Your task: Copy each record below exactly, please, and leave its pictures out.

Records from a collection
——
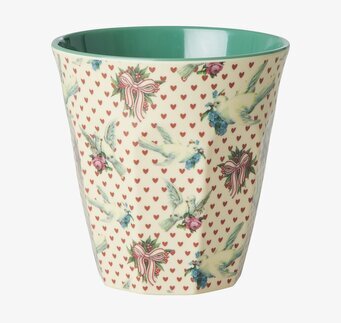 Bild av mugg med duvor och hjärtan på ljus bakgrund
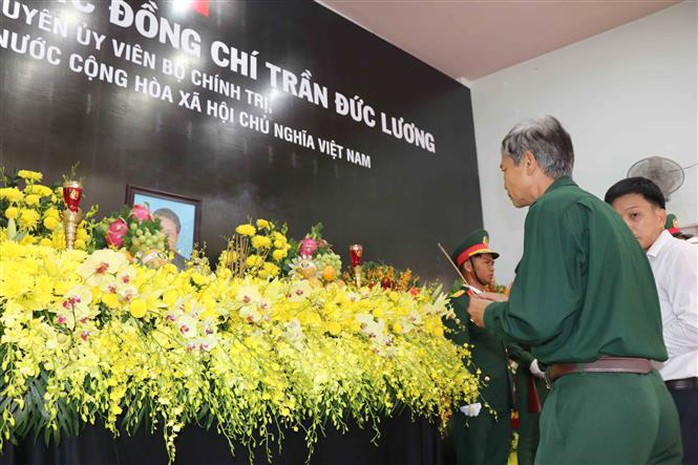 Trang nghiêm Lễ viếng nguyên Chủ tịch nước Trần Đức Lương tại Quảng Ngãi- Ảnh 5. Trang nghiêm Lễ viếng nguyên Chủ tịch nước Trần Đức Lương tại Quảng Ngãi- Ảnh 5.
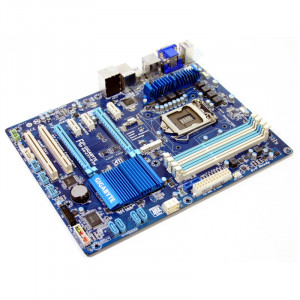 Placa de baza GIGABYTE GA-Z77-D3H Rev.1.1, Socket LGA1155, 4 x DDR3, SATA3, HDMI, DVI, VGA - Img 2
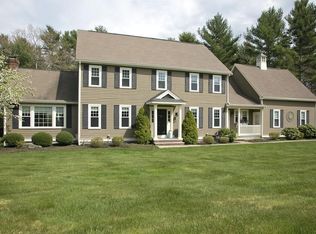 104 High Pines Dr, Kingston, MA 02364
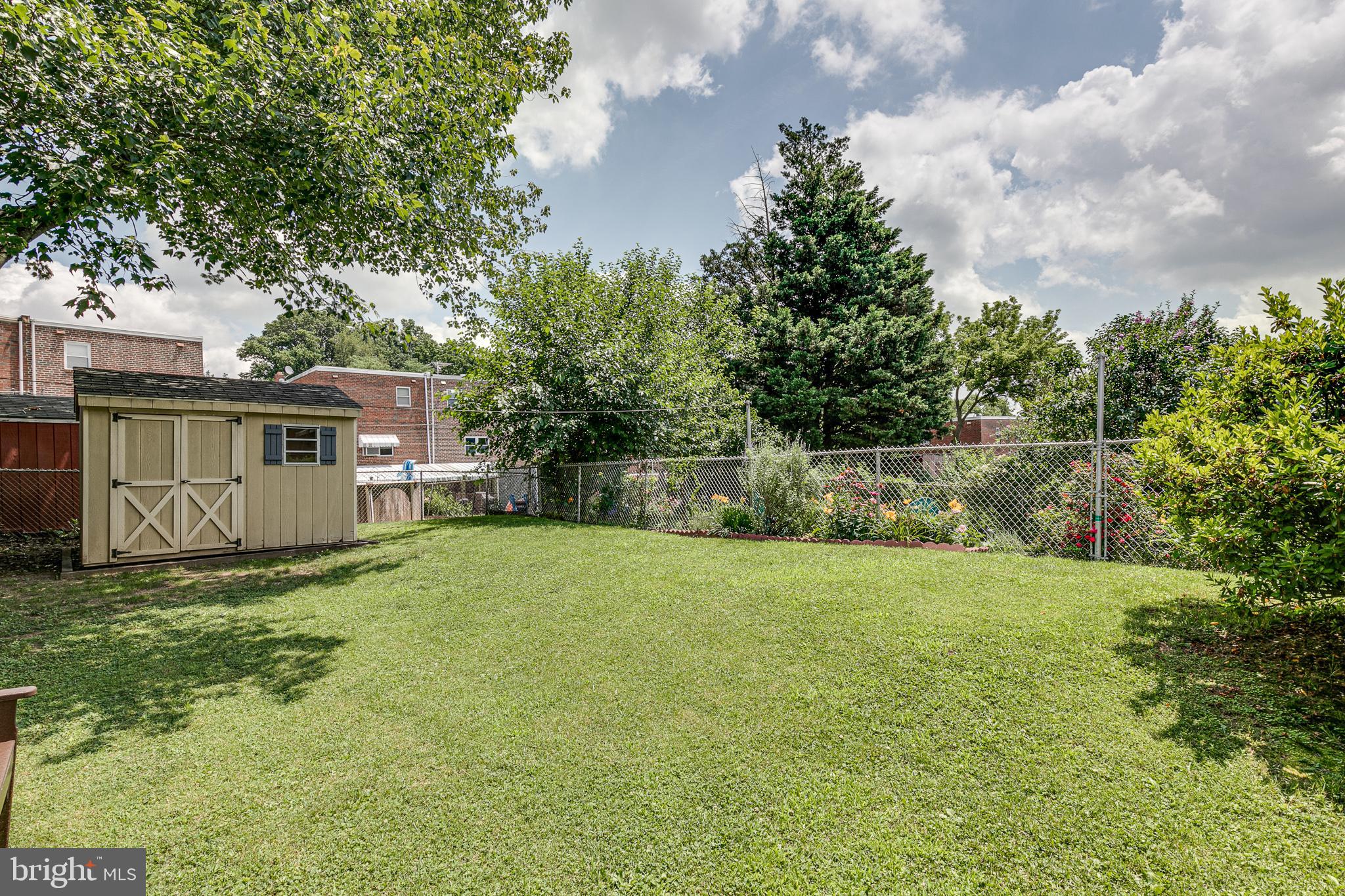 7325 Hiola Road Philadelphia, PA 19128 - Photo 22 of 27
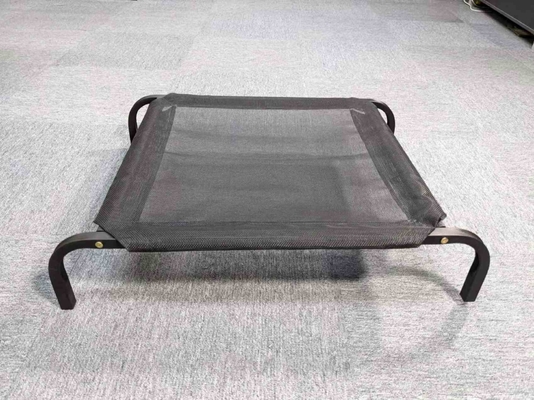 Lit pour animaux de compagnie surélevé pour le refroidissement d'été Lit de chien de camping portable à Shanghai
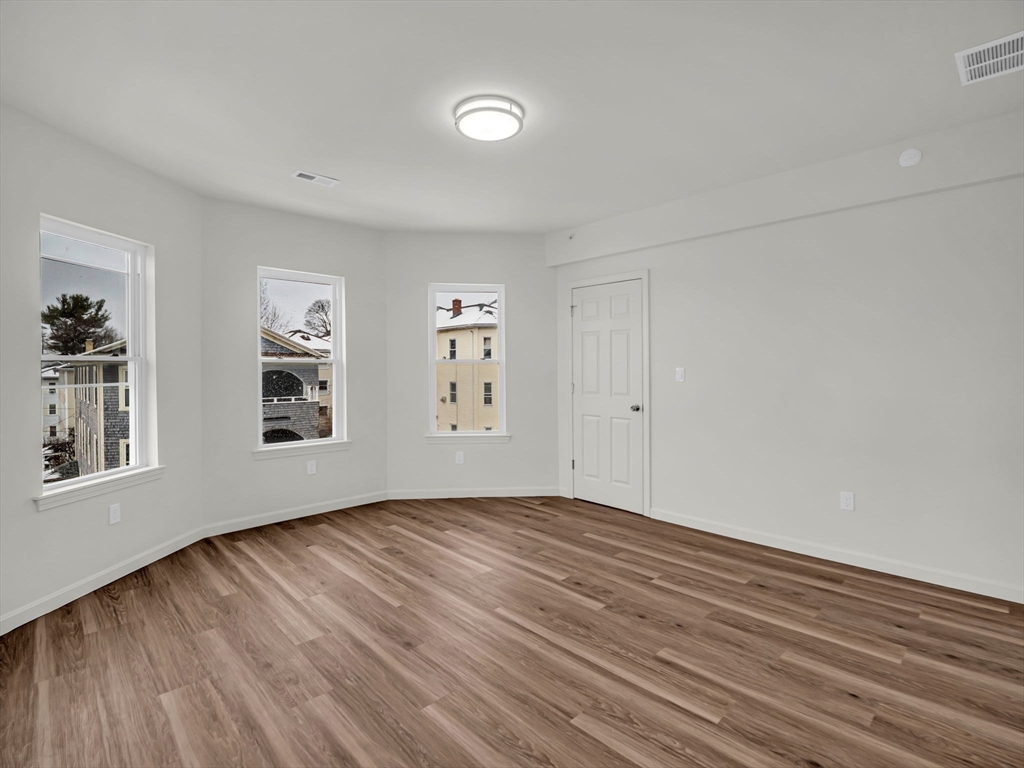 4 bed, 2 bath apartment for rent at 12 Alpine St Unit 2, Worcester — photo 9 of 33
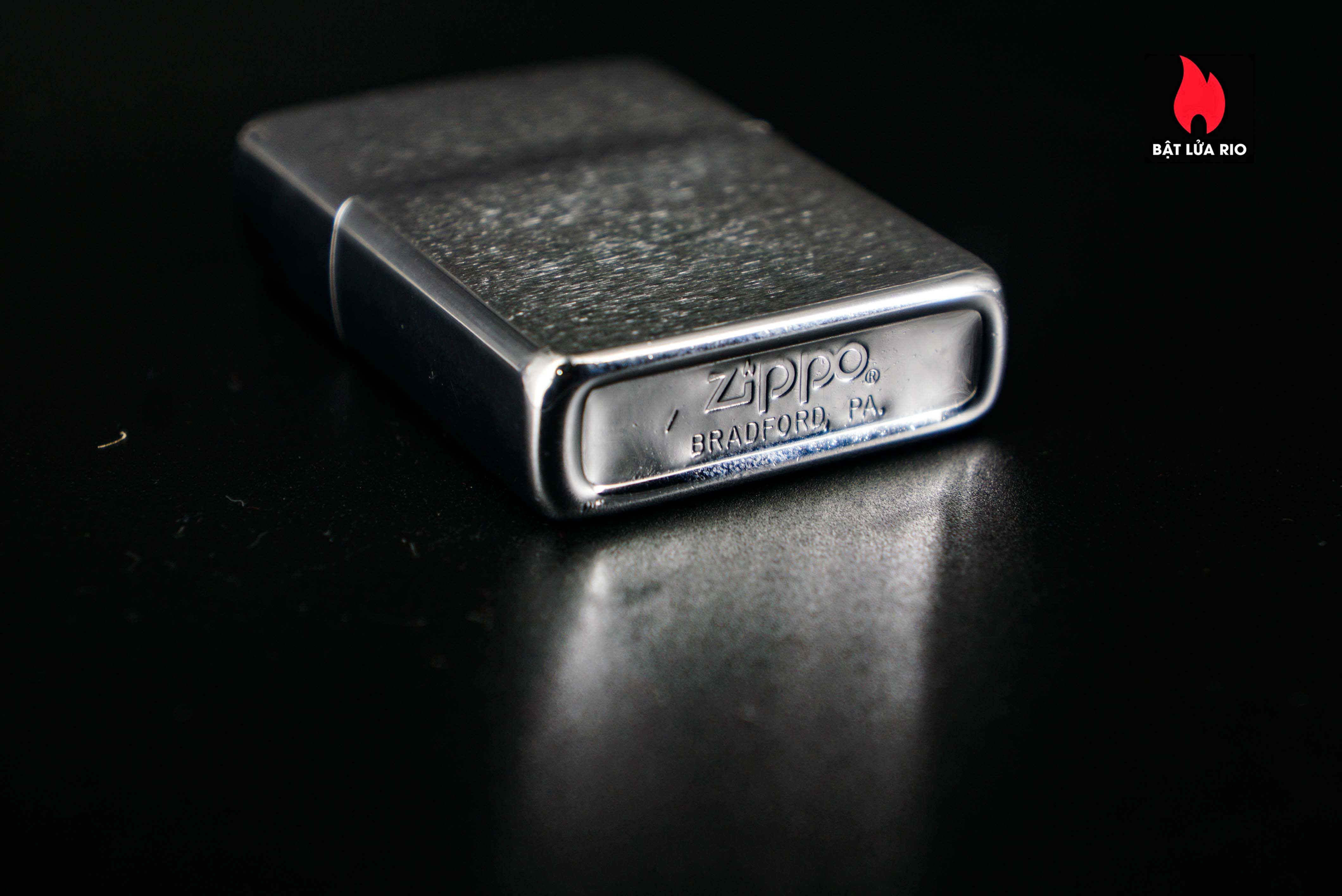 Zippo Xưa 1981 – Mary Long 35 Zippo Xưa 1981 – Mary Long 11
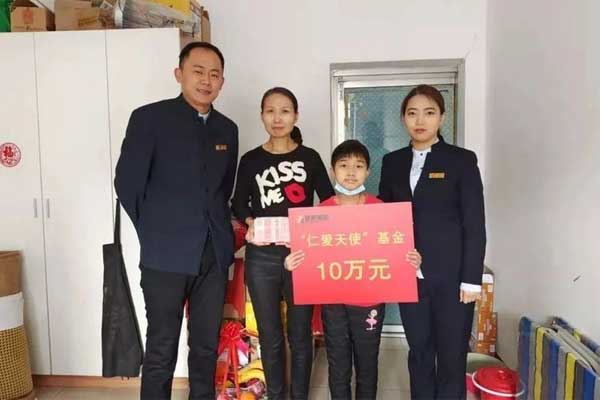 大奖国际仁爱天使捐助重型再生障碍性血虚的钟梓萌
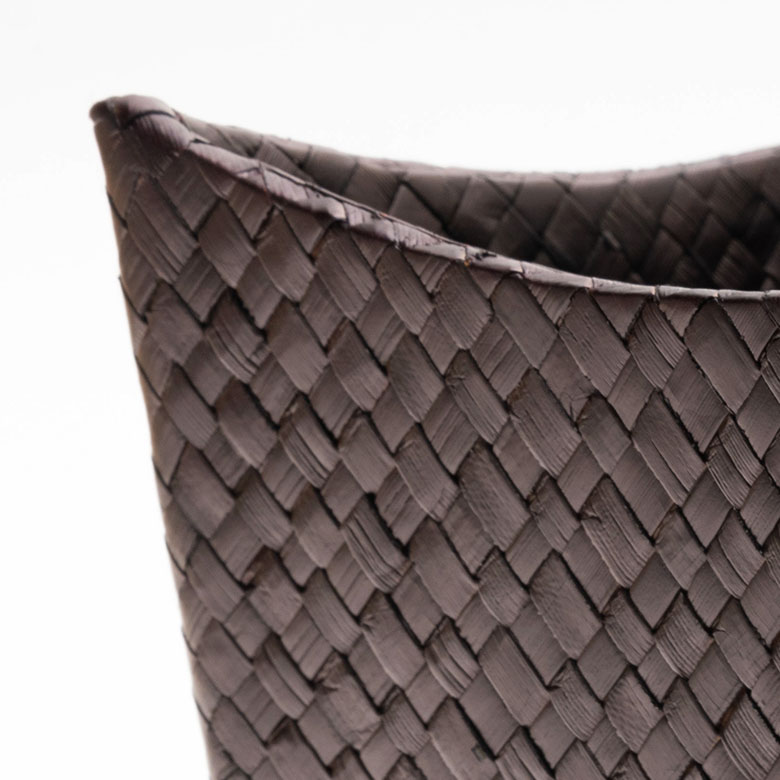 太いラタンと細いラタンの編み目が美しく、縁の部分まで丁寧にしっかりと編み込まれています。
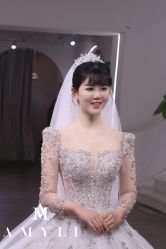 -艾米丽婚纱礼服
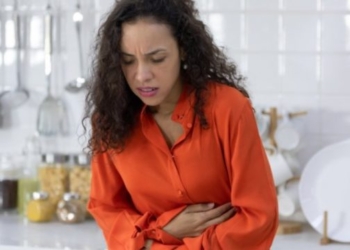 Tri arsyet kryesore pse ju dhemb stomaku pas ngrënies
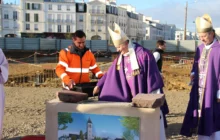Mgr Nahmias pose la première pierre de la future église Saint-Colomban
——
Solution for this exercise:
 Bild av mugg med duvor och hjärtan på ljus bakgrund
 Trang nghiêm Lễ viếng nguyên Chủ tịch nước Trần Đức Lương tại Quảng Ngãi- Ảnh 5. Trang nghiêm Lễ viếng nguyên Chủ tịch nước Trần Đức Lương tại Quảng Ngãi- Ảnh 5.
 Placa de baza GIGABYTE GA-Z77-D3H Rev.1.1, Socket LGA1155, 4 x DDR3, SATA3, HDMI, DVI, VGA - Img 2
 104 High Pines Dr, Kingston, MA 02364
 7325 Hiola Road Philadelphia, PA 19128 - Photo 22 of 27
 Lit pour animaux de compagnie surélevé pour le refroidissement d'été Lit de chien de camping portable à Shanghai
 4 bed, 2 bath apartment for rent at 12 Alpine St Unit 2, Worcester — photo 9 of 33
 Zippo Xưa 1981 – Mary Long 35 Zippo Xưa 1981 – Mary Long 11
 大奖国际仁爱天使捐助重型再生障碍性血虚的钟梓萌
 太いラタンと細いラタンの編み目が美しく、縁の部分まで丁寧にしっかりと編み込まれています。
 -艾米丽婚纱礼服
 Tri arsyet kryesore pse ju dhemb stomaku pas ngrënies
Mgr Nahmias pose la première pierre de la future église Saint-Colomban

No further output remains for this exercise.